Gilead released 8- and 12-week results of ION 1, 2 and 3. 24-week results of ION-1 will be released in the first quarter of 2014.

Study

Population

Treatment

Duration

SVR12

ION-1

Genotype 1

Treatment-naive

N = 865

SOF/LDV

12 weeks

97.7%

SOF/LDV + RBV

12 weeks

97.2%

SOF/LDV

24 weeks

Not available

SOF/LDV + RBV

24 weeks

Not available

ION-2

Genotype 1

Treatment-experienced

N = 440

SOF/LDV

12 weeks

93.6%

SOF/LDV + RBV

12 weeks

96.4%

SOF/LDV

24 weeks

99.1%

SOF/LDV + RBV

24 weeks

99.1%

ION-3

Genotype 1

Treatment-naïve

N = 647

SOF/LDV

8 weeks

94.0%

SOF/LDV + RBV

8 weeks

93.1%

SOF/LDV

12 weeks

95.4%

4.1% of study participants in the study arms released to date failed to achieve SVR12. Of these, just over half (36 patients out of 62, or 2.4% of all participants, experienced virologic failure: 35 due to relapse and only one patient due to on-treatment breakthrough (this patient was non-adherent to therapy).

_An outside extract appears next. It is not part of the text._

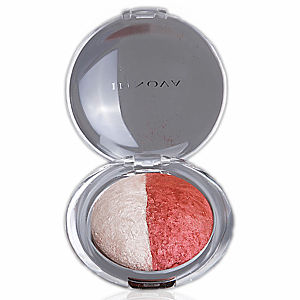 Innova Cooked Eye Shadow İkili Far No:208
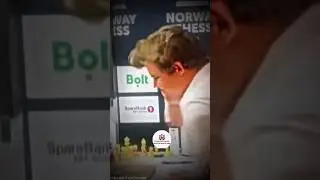 Magnus Carlsen's Reign is OFFICIALLY OVER😱👑|Norway Chess 2025 #magnuscarlsen #chess #gukesh  #shorts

Twenty-six patients (1.7%) were lost to follow-up or withdrew consent.

A more detailed breakdown of performance of each regimen and treatment duration in patients with cirrhosis will be reported at a future scientific meeting.

Gilead Sciences said that the ribavirin-sparing combination was better tolerated: anaemia, a common side-effect of ribavirin, was reported in 9.2% of patients who received ribavirin, compared to 0.5% of patients who received sofosbuvir and ledipasvir without ribavirin. The most frequent side effects of sofosbuvir and ledipasvir were headache and fatigue.

The results of these studies will pose a significant challenge to other developers of interferon-free combinations for the treatment of hepatitis C. An eight-week treatment course with two drugs will compare favourably in the eyes of many patients and physicians to a longer duration of treatment, although a major US pharmaceutical benefits company, which negotiates process on behalf of insurers and managed-care organisations has warned that it may only pay for more expensive hepatitis C drugs if they are more effective. Convenience of dosing may not be enough to justify a higher price.